If the city wanted to find generic guidelines or recommendations for ADSs, it could have looked to existing scholarship on these issues instead of forming a Task Force. Indeed, there is an entire interdisciplinary field of scholarship that has emerged in the last several years, dedicated to the issues of Fairness, Accountability and Transparency (FAT*) in automated systems.[6] This field has made significant strides in coming up with mathematical definitions for fairness that computers can parse, and creating myriad potential methods for bias reduction in automated systems.

But the academic work has fundamental limitations. Much of the research is, by necessity or due to limited access, based on small hypothetical scenarios—toy problems—rather than real-world applications of machine learning technology.[7] This work is accomplished, as is characteristic of theoretical modeling, by stating assumptions about the world and datasets that are being used. In order to translate these solutions to the real world, researchers would have to know whether the datasets and other assumptions match the real-world scenarios.

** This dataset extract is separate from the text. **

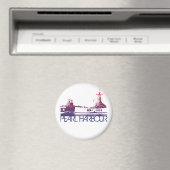 Pearl Harbor Skyline Design Magnet (In Situ (Geschirrspüler))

Using information from city agencies, the task force has the ability to advance beyond the academic focus on toy problems devoid of social context and assess particular issues for systems used in practice. Without information about the systems in use, the Task Force’s recommendations will be limited to procedures at the greatest level of generality—things we already would guess, such as testing the system for bias or keeping it less complex so as to be explainable. But with information about these systems, the Task Force can examine the particular challenges and tradeoffs at issue. With community input and guidance, they can assess the appropriateness of different definitions of bias in a given context, and debate trade-offs between accuracy and explainability given specific social environments.  The recommendations of the Task Force will only be useful if they are concrete and actionable, and that can only be achieved if they are allowed to examine the way ADS operate in practice with a view into *both* the technical and the social systems informing outcomes.

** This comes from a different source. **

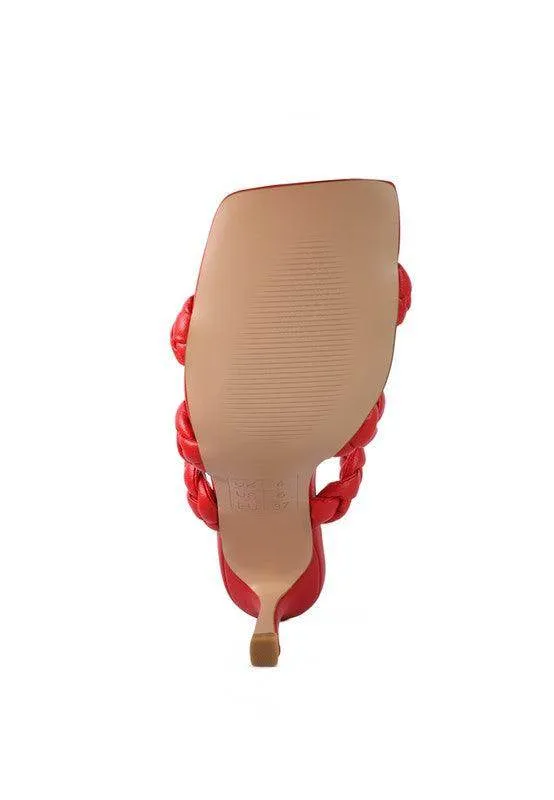 High Bae Pointed Heel Braided Sandals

Second, we urge the Task Force to prioritize public engagement. Because social context is essential to defining fair and just outcomes, meaningful engagement with community stakeholders is fundamental to this process. Once the Task Force has access to detailed information about ADS systems in use, public listening sessions must be held to understand community experiences and concerns with the goal of using that feedback to shape the Task Force’s process going forward. Iteration and reviewing of recommendations with community stakeholders as the Task Force moves this work forward will be important to arriving at truly transparent, accountable and just outcomes.

We are here today because we continue to believe the Task Force has great potential. We strongly believe that the Task Force’s work needs to be undertaken thoughtfully and contextually, centering on cooperation, transparency, and public engagement.  The Task Force’s goal needs to be offering actionable and concrete recommendations on the use of ADS in New York City government. We hope that the above testimony provides useful suggestions to move toward that goal.

Thank you.


[1] See generally Andrew D. Selbst et al., Fairness and Abstraction in Sociotechnical Systems, Proceedings of the 2019 ACM Conference on Fairness, Accountability, and Transparency (ACM FAT*), 59.

[2] See Local Law No. 49 of 2018, Council Int. No. 1696-A of 2017 [hereinafter Local Law 49] (repeatedly referring to “agency automated decision systems”).

[3] Id. §§ 3(b)–(f)

[4] Id. § 1(a).

[5] Id. § 3(a) (emphasis added).

[6] ACM Conference on Fairness, Accountability, and Transparency (ACM FAT*), https://fatconference.org/

[7] See generally Andrew D. Selbst et al., Fairness and Abstraction in Sociotechnical Systems, Proceedings of the 2019 ACM Conference on Fairness, Accountability, and Transparency (ACM FAT*), at 59.